Heck noticed this. ‘What?’
‘You haven’t heard about that then?’ Palliser said.
‘Obviously not.’
‘Well …’ Palliser cleared his throat. ‘Owing to the … shall we say confuse
d issue of what exactly happened to Mr Ezekial …’
‘I fully explained that,’ Heck said.
‘Yes well, it wasn’t as easy explaining it to a magistrate. However, we finally managed it, and the search-warrant for Ezekial’s premises was issued this morning.’
‘And?’
‘The filing cabinet in the attic is empty.’
Heck rose slowly to his feet. ‘You are joking?’
‘Sit down, Heck,’ Gemma said, ‘before you fall down.’
‘What do you mean it’s empty?’
‘All these files you described, with the names and coded reference numbers. They’ve gone.’
Heck slumped back into his chair. ‘That proves there’s some bastard on the inside.’
‘Not necessarily,’ Gemma argued. ‘If there are any more of these Nice Guys knocking around …’
‘Why would they take the risk of going there?’ Heck said. ‘They’re going to prison for life, whatever happens. The only people those files would have implicated are the dozens and dozens of men who used their services. If we wanted to know who their grass was inside this department, his details would’ve been right there. So naturally he’s got there ahead of us, and pinched them.’
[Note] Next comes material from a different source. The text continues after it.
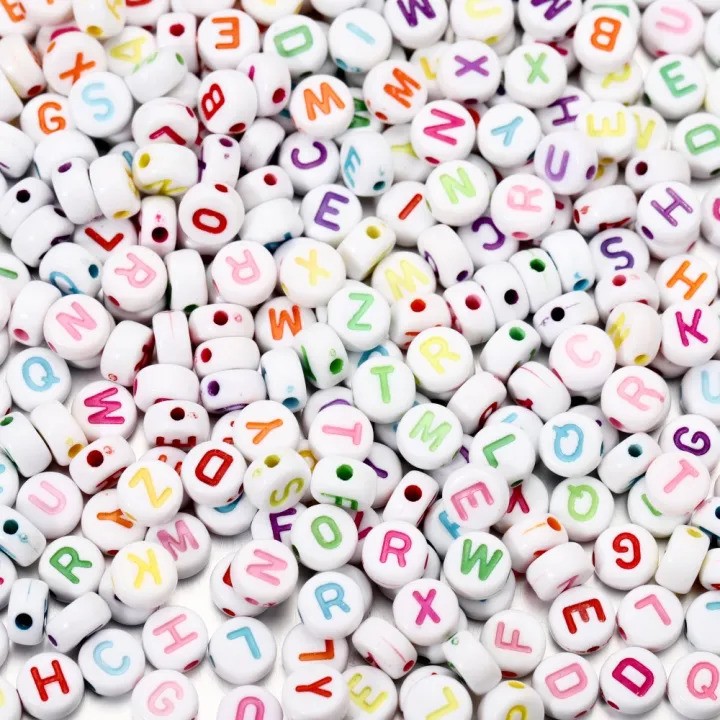 100Pcs Random Mixed Letter Acrylic Beads Flat Round Alphabet Charms Beads For Bracelet Necklace Jewelry Making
Palliser’s doleful expression suggested that he didn’t disagree.
Gemma pondered. ‘Wasn’t there a security camera inside the house?’
‘Yes,’ Palliser said, ‘but Ezekial’s hard drive has also been removed. If the camera was still recording at the time of the burglary, it was uploading onto nothing.’
‘So let’s get this straight,’ Heck put in. ‘Just so we’re absolutely clear on the matter. You’re telling me that the details of maybe a hundred men guilty of rape and murder, currently living in Britain — have disappeared? Right from under our noses?’
Palliser made a helpless gesture.
Heck banged his one good hand down on the desk, though it wasn’t quite that good, and he grimaced in pain.
‘Chill out, Heck,’ Gemma said. ‘This is still a major result.’
‘You know something, you’re right.’ Heck got to his feet and lurched towards the door. ‘I should have kept you fully informed … all the way, about every single thing. Then you could have pulled me off the job the first time you got nervous, and we’d have got nowhere near the Nice Guys. So at least now we wouldn’t know what we’d lost.’